Web page caption snippets:

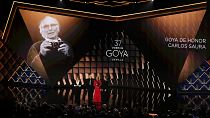 Семья испанского режиссера Карлоса Саура на церемонии в Севилье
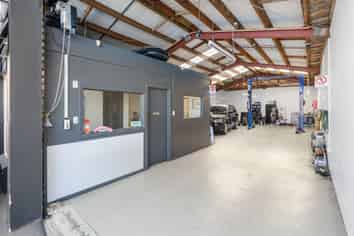 Tidy Entry Level Unit- Own & Occupy or Invest 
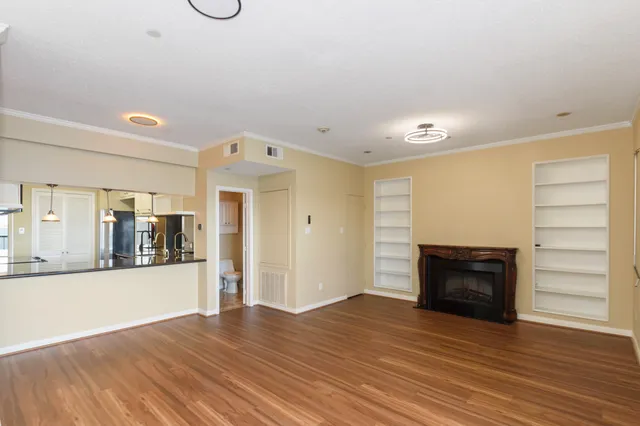 $2,000 | 351 Lakeside Lane, Unit 305, Nassau Bay, TX 77058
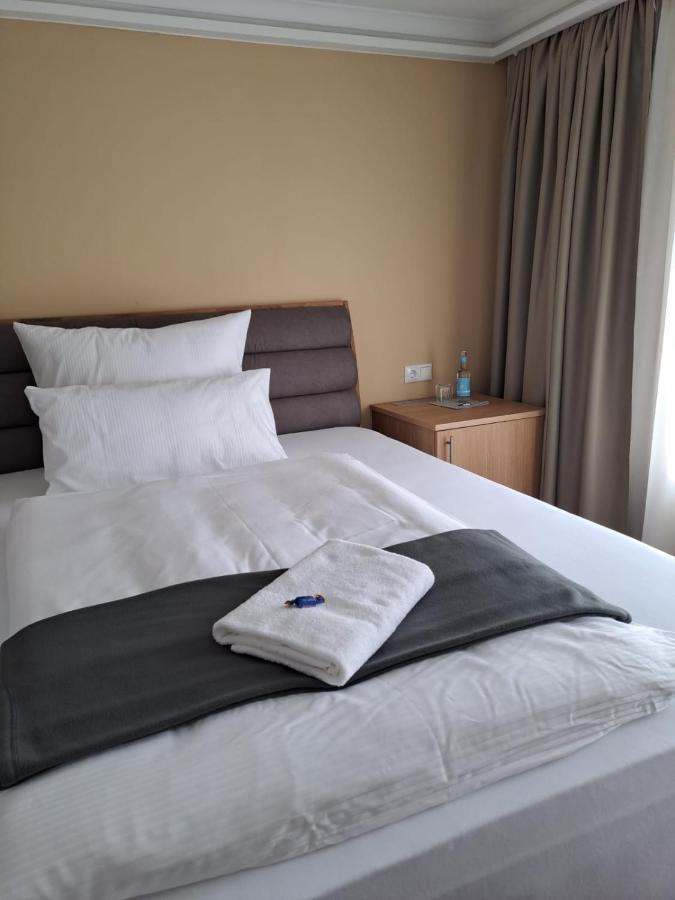 Hotel Rhin Inn Fehrbellin Zewnętrze zdjęcie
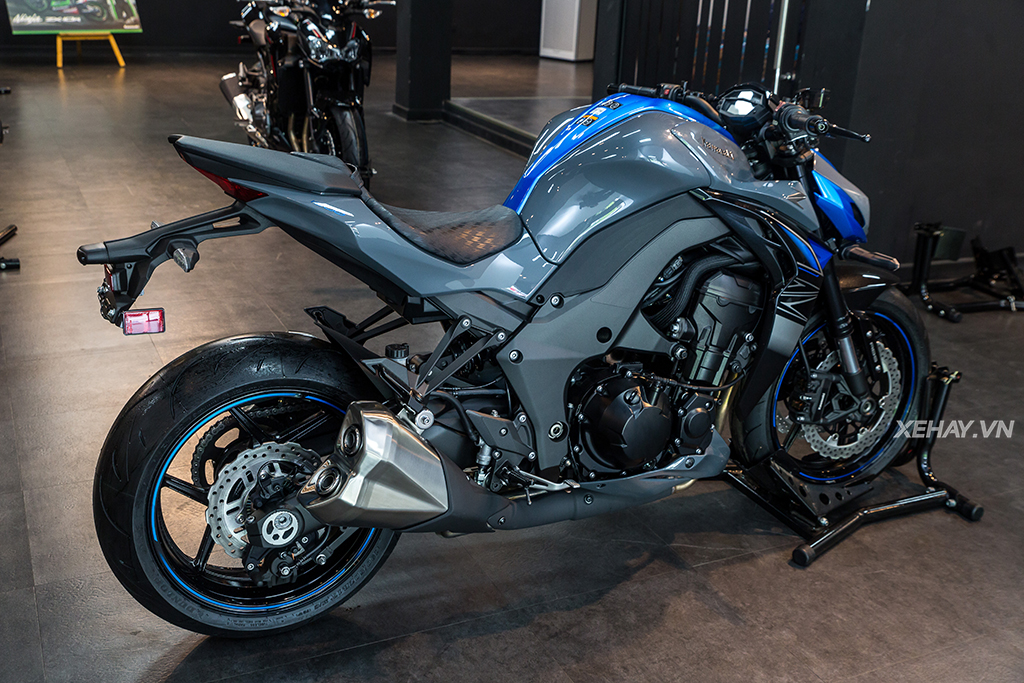 Ảnh chi tiết Kawasaki Z1000 2018 tại Việt Nam, giá từ 399 triệu đồng
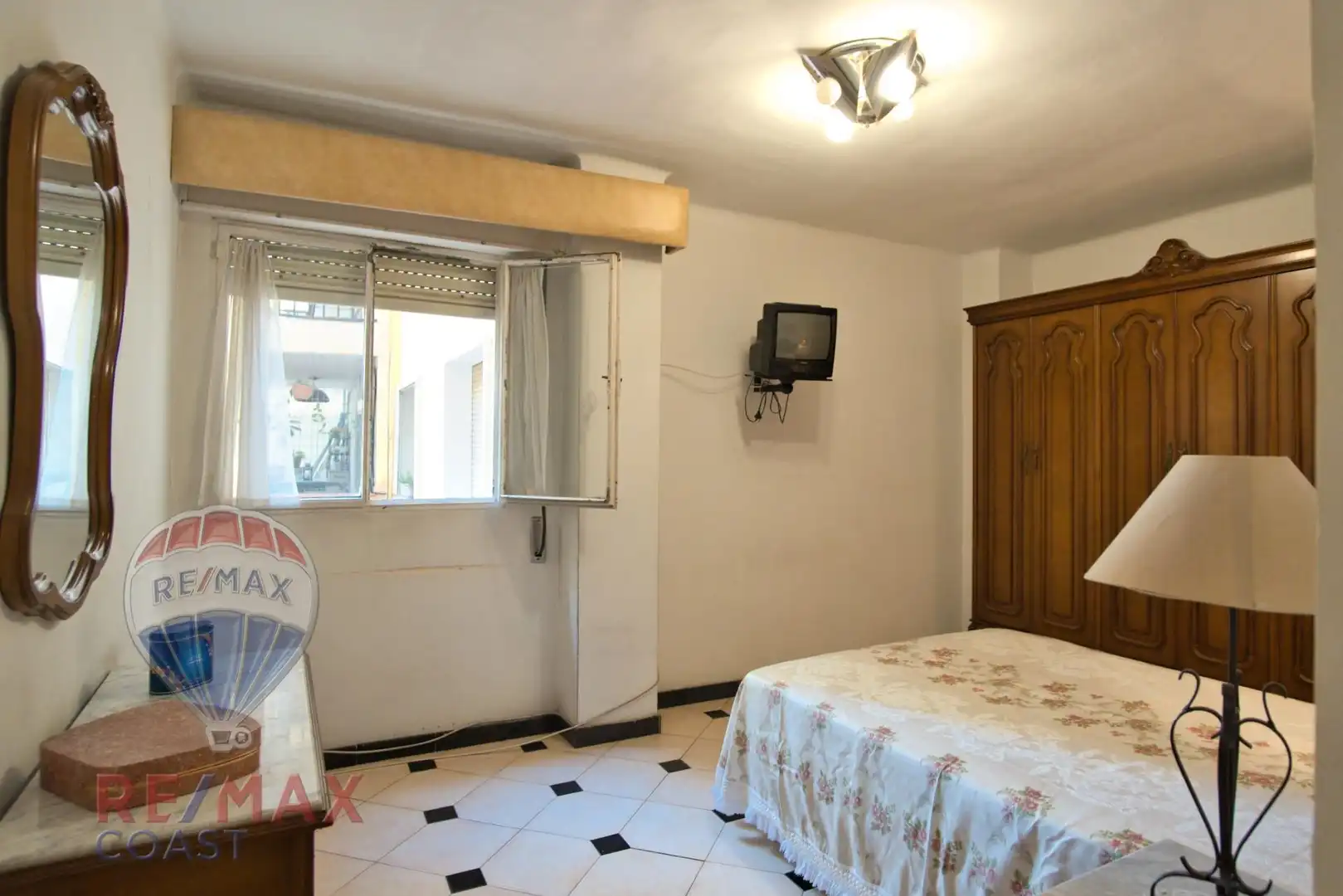 Habitación de Piso en venta en Málaga con Terraza y Alarma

### PROBLEM TO SOLVE
All lines from the line with "Tidy Entry Level" through the final line of the data, both included, are to be repeated exactly; no other lines and no pictures.

### ANSWER FOR THE TASK
 Tidy Entry Level Unit- Own & Occupy or Invest 
 $2,000 | 351 Lakeside Lane, Unit 305, Nassau Bay, TX 77058
 Hotel Rhin Inn Fehrbellin Zewnętrze zdjęcie
 Ảnh chi tiết Kawasaki Z1000 2018 tại Việt Nam, giá từ 399 triệu đồng
 Habitación de Piso en venta en Málaga con Terraza y Alarma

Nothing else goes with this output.